Walter and Lorraine Morlock loved to go to church, travel together and go camping.
He was a sheet metal worker, an avid Minnesota Twins baseball fan, and a collector of coins and North Dakota centennial pins. She loved to sew and create things from fabric, and watch high school basketball games. The Bismarck Demons were her favorite team.
The lifelong North Dakota couple held each other's hands in the Sanford Health COVID-19 unit, and died days apart from one another.
"They knew they were beside each other," daughter Kathy Roth said.
Lorraine died Dec. 8 at age 89. Walter died Dec. 13 at age 92.
They were married for 70 years.
"They were the foundation of our family," Roth said.
Walter grew up in Pettibone. Lorraine came from nearby Tuttle. They met at a dance where he was playing accordion in a band.
They loved living in Bismarck and attending Zion Lutheran Church. Pastor Tom Marcis said the couple regularly attended worship and Bible classes before they became more homebound and he would visit them monthly.
He knew the Morlocks more than 31 years, his entire time serving the church. He helped them grieve the loss of their son, Fred. Their faith was very serious for them, Marcis said.
"It was very meaningful for them when we were able to see them on a monthly basis, have a devotion and bring them the Lord's Supper because they very much missed the community of being in Bible class and being in worship with the rest of the congregation," he said.
Roth said they were good parents who "taught me to be a good, kind, honest person."
"We always felt safe. We never had to worry about food or clothing. They were both very thrifty," she said. "They both come from sturdy German stock; incredibly hardworking people."
They loved babies, grandchildren and great-grandchildren. Two years ago, their family celebrated Walter's 90th birthday with food, relatives and a photo booth.
"Mom and Dad loved it," Roth said.
The coronavirus pandemic prevented the family from celebrating the couple's 70th wedding anniversary.
The Morlocks were living in a nursing home when Lorraine tested positive for the virus on Nov. 25. Four days later, Walter did, too.

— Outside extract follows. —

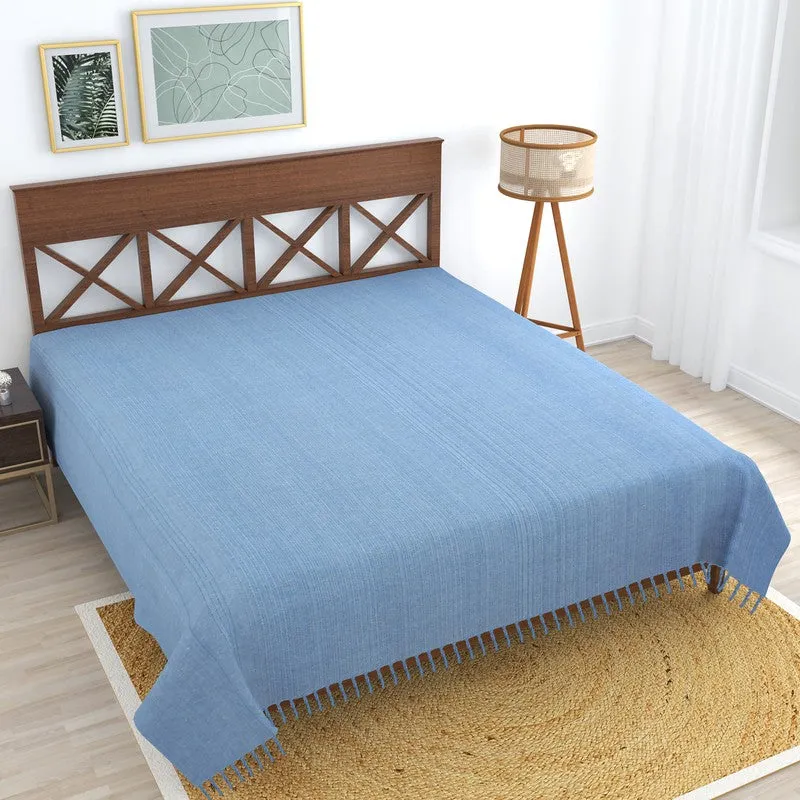 Artloom Solid Cotton Bedsheet (Blue) - 200 TC media 1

Roth said they might have contracted the coronavirus from an employee or another resident, but whatever the case, "there is no blame."
"Bad things happen in this world, and (COVID-19 is) very contagious," she said.
Her parents were hospitalized when they became quite ill. Roth said medical staff pushed their beds side by side in the COVID-19 unit so they could be together.
Roth and her sister were able to be with their mom and dad and told them how much they loved them and what great parents they were.
"Seeing them side by side and seeing their coffins side by side at the internment, it gave us comfort knowing they were together again," Roth said. "I think they would have liked it. We didn't like that they were gone, but I think they would like that they were together at the end."
Their family held a viewing and an internment for them, which Roth, who lives in Iowa, watched on video while quarantining after being with her parents. A funeral will be held at a later date to celebrate the Morlocks' lives.
Since their deaths, Roth keeps her parents' memories close.
"They're in my heart," she said. "They're always in my heart. And I guess I would say treasure the ones you love now because you don't know what's going to happen tomorrow."